Donald Trump wants to make a partner of Russia in Syria. One of Trump’s most consistently expressed foreign policy ideas, both during the campaign and now since his election, is that the United States and Russia are natural counterterrorism allies, and that the obvious place to begin such cooperation is in Syria, against the Islamic State. Both the United States and Russia are waging war against the Islamic State, Trump’s reasoning goes, so the best way to hasten the defeat of that organization, and perhaps to launch a broader U.S.-
Russia rapprochement, is by bringing Russia into the counter-Islamic State fold and undertaking more coordinated military action targeting the group. 


In a recent Fox interview, in which Trump controversially drew a moral equivalence between the United States and Vladimir Putin’s Russia, he said “it’s better to get along with Russia than not and if Russia helps us in the fight against ISIS which is a major fight, and Islamic terrorism all over the world, major fight, that’s a good thing.”

Trump’s sentiments on this score are not new. But in the past four weeks, there have been repeated hints that such cooperation might simply be part of a larger U.S.-Russia “grand bargain,” in which Moscow agrees to provide enhanced cooperation on counterterrorism and counter-Islamic State operations, and Washington does away with economic sanctions related to Russian aggression in Ukraine. On Sunday, Vice President Mike Pence suggested that the Trump administration’s decision on sanctions would depend on whether “we see the kind of changes in posture by Russia and the opportunity perhaps to work on common interests,” including making common cause against the Islamic State.

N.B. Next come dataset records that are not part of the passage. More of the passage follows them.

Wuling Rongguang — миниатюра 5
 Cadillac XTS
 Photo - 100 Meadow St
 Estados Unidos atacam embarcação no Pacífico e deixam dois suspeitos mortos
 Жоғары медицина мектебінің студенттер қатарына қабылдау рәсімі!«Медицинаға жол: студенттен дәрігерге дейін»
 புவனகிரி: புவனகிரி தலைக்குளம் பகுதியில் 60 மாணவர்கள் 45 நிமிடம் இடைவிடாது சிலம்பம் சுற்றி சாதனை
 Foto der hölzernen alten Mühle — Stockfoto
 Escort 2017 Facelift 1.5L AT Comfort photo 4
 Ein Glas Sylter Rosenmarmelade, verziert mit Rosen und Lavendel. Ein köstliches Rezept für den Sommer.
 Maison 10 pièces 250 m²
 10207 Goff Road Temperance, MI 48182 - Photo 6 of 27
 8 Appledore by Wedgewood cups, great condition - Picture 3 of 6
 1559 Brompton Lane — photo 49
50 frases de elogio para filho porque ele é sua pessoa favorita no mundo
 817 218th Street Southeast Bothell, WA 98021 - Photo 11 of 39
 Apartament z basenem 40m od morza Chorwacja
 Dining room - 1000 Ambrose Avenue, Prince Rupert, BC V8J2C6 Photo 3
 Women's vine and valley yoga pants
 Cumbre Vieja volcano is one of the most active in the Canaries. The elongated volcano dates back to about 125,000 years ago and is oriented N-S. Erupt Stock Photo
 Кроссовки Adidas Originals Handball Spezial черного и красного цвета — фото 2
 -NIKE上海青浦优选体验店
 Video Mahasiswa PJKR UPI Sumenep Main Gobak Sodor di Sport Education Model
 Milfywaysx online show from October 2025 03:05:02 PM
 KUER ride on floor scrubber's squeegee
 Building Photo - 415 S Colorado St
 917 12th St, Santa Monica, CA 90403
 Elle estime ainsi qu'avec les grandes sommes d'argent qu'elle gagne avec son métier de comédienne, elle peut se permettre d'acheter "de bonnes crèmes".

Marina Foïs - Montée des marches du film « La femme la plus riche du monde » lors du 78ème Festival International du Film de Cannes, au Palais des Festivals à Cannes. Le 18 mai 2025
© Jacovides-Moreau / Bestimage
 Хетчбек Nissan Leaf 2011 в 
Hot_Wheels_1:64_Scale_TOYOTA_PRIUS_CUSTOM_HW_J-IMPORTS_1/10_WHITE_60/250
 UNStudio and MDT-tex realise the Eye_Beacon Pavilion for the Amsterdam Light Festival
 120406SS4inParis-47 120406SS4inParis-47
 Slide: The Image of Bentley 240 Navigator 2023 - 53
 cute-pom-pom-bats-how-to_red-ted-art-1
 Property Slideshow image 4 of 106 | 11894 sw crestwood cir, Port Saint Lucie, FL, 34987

This idea fits squarely within the overarching themes of Trump’s grand strategy, which we described in a previous article. The idea that the conflict with “radical Islamic terrorism” is all-consuming and existential; the willingness to cut transactional deals with any actor with whom the United States shares even the most passing interests; the aspiration to get other countries to do more in the world so that the United States can slough off some of the burdens of superpowerdom — all of these concepts are at play in Trump’s advocacy of a counterterrorism partnership with Putin. But hopping in bed with Russia in Syria is an ill-considered and potentially dangerous proposition, and trading away Ukraine-related sanctions for this cooperation would be an even worse idea, for several reasons.

Contrary to what Trump has often asserted, the fact is that Russia’s military campaign in Syria — the campaign that Trump essentially wants to marry with U.S. military efforts against the Islamic State — has never actually been about counterterrorism. Its overarching goal, and one that it has been fairly successful in achieving, is to fortify the Assad regime in power and thereby protect Russia’s strategic position in Syria and the broader Middle East. This means that the vast majority of Russian airstrikes and other operations have not targeted extremist groups, whether the Islamic State or the Nusra Front (al Qaeda’s Syrian affiliate, which now calls itself Jabhat Fatah al-Sham). Rather, Moscow has most aggressively targeted the non-extremist opposition to Assad (and civilians in opposition-held areas), in an effort to eliminate any sort of politically plausible and internationally acceptable alternative to the regime. From the outset of the Russian intervention in September 2015, in fact, as much as 85-90 percent of Russian airstrikes have targeted this moderate opposition. Russia is fighting a war in Syria, all right, but it certainly isn’t our war.